# FRAGE: Wieviel MB braucht Skype oder TeamSpeak für zB 1h???



## Dominik10 (23. November 2008)

*FRAGE: Wieviel MB braucht Skype oder TeamSpeak für zB 1h???*

Hallo,
ich habe eine Frage.

Wieviel MB braucht Skype oder TeamSpeak für zB 1h???

mfg Dominik


----------



## Herbboy (23. November 2008)

*AW: FRAGE: Wieviel MB braucht Skype oder TeamSpeak für zB 1h???*



			
				Dominik10 am 23.11.2008 21:05 schrieb:
			
		

> Hallo,
> ich habe eine Frage.
> 
> Wieviel MB braucht Skype oder TeamSpeak für zB 1h???
> ...



ich glaub die maximale bandbreite für TS sind ca. 10KB/sek, also ca. 35MB/stunde, wenn ich micht nicht verrechnet hab ^^    

das gilt aber auch nur, wenn man dauern labert. bei den zeitpunkten, wo kein sound übertragen werden muss, gibt es auch keinen traffic. 

vermutlich sind es sogar weniger bandbreite, da man ja TS sogar mit nem alten 56k-modem benutzen könnte, was ja weit unter 10KB/s schafft.

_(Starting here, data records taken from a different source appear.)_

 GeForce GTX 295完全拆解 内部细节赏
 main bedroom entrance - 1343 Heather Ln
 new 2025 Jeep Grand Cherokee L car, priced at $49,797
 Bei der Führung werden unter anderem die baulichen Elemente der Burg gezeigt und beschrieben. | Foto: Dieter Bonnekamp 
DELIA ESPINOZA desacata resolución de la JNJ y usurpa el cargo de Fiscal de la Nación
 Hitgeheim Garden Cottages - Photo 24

natürlich auch je nach qualitätseinstellungen - falls es bei skype/TS so was wie "CD qualität" gibt, dann würde das natürlich deutlich mehr brauchen.


dabei sollte es, wenn du nur teilnehmer bist und nicht server, keine rolle spielen, wieviele leute im TS sind, da es nur deinen abgehenden traffic gibt und den "gesamtstream" aller teilnehmer.


hast du nen volumentarif, oder wie?


----------



## gamerschwein (23. November 2008)

*AW: FRAGE: Wieviel MB braucht Skype oder TeamSpeak für zB 1h???*

*erledigt*


----------